Tylko na tydzień bialscy akademicy rozstali się z fotelem lidera. Wyjazdowa wygrana 31:28 w Legnicy ponownie dała im przodownictwo w tabeli
Zespół trenerów Dmitrija Tichana i Sławomira Bodasińskiego wybrał się na mecz z Siódemką Miedzią w zaledwie 12-osobowym składzie. W żaden sposób braki kadrowe nie przeszkodziły w osiągnięciu sukcesu.
Już pod koniec pierwszej połowy AZS AWF wypracował sobie kilkubramkową zaliczkę. W 27 minucie wygrywał 17:11 po golach Dżianisa Wołyńcewa, Michała Banasia, Michała Bekisza i Maksima Kriuczkowa. Miedź zdołała jeszcze zmniejszyć tę przewagę tylko do trzech goli (17:14 dla AZS).
W drugiej odsłonie między 38., a 45. min przyjezdni znowu przypuścili szturm na bramkę gospodarzy i odjechali na 26:19. Już do końca kontrolowali wynik i zwyciężyli 31:28. Była to siódma wygrana bialczan w sezonie.
Siódemka Miedź Legnica – AZS AWF Biała Podlaska 28:31 (14:17)
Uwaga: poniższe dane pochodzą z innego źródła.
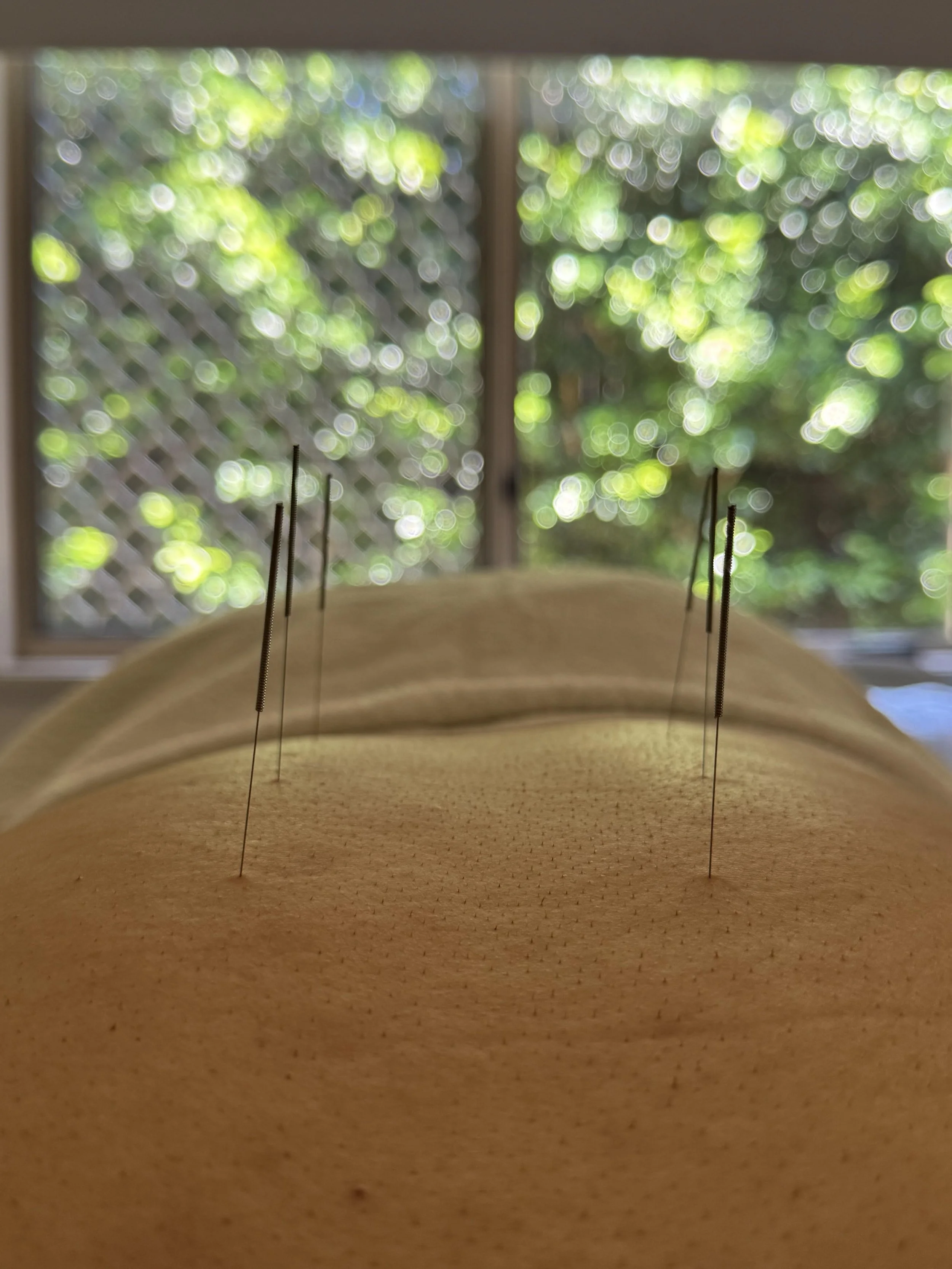 Acupuncture needles on a patient’s back performed by The Gentle Needle Guy, with natural greenery visible through the window at his Brisbane clinic.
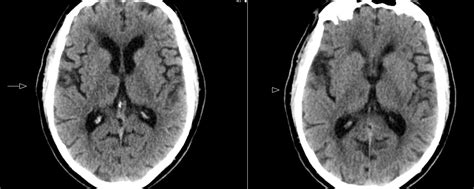 Radiology MRI: Thalamic Infarct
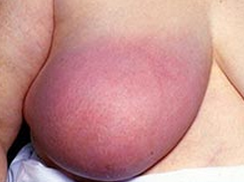 炎性乳癌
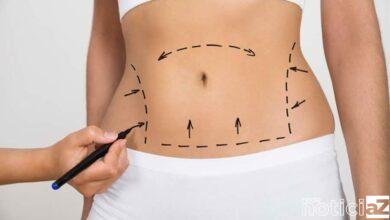 Novela da Globo aborda cirurgias procuradas por adolescentes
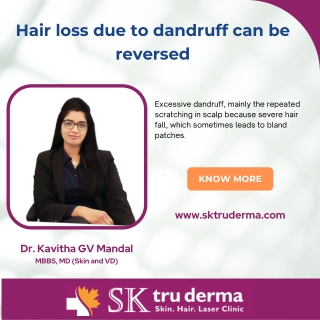 Hair loss and dandruff | Best Dermatologist in Bangalore |Dr.Kavitha GV Mandal | Sktruderma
Siódemka: Mazur, Stachurski – Majewski 5, Przybylak 1, Antosik 3, Płaczek 4, Koprowski 4, Piwko 3, Drozdalski 1, Mosiołek 6, Skiba 1, Bogudziński, Piróg. Kary: 4 minuty.
AZS AWF: Chmurski, Adamiuk – Urbaniak 2, Warmijak 2, Wołyńcew 6, Stefaniec 1, Małecki 3, Kriuczkow 5, Bekisz 5, Banaś 6, Kandora 1, Nowicki. Kary: 12 minut. Dyskwalifikacja: Bartosz Warmijak w 13 minucie (z gradacji).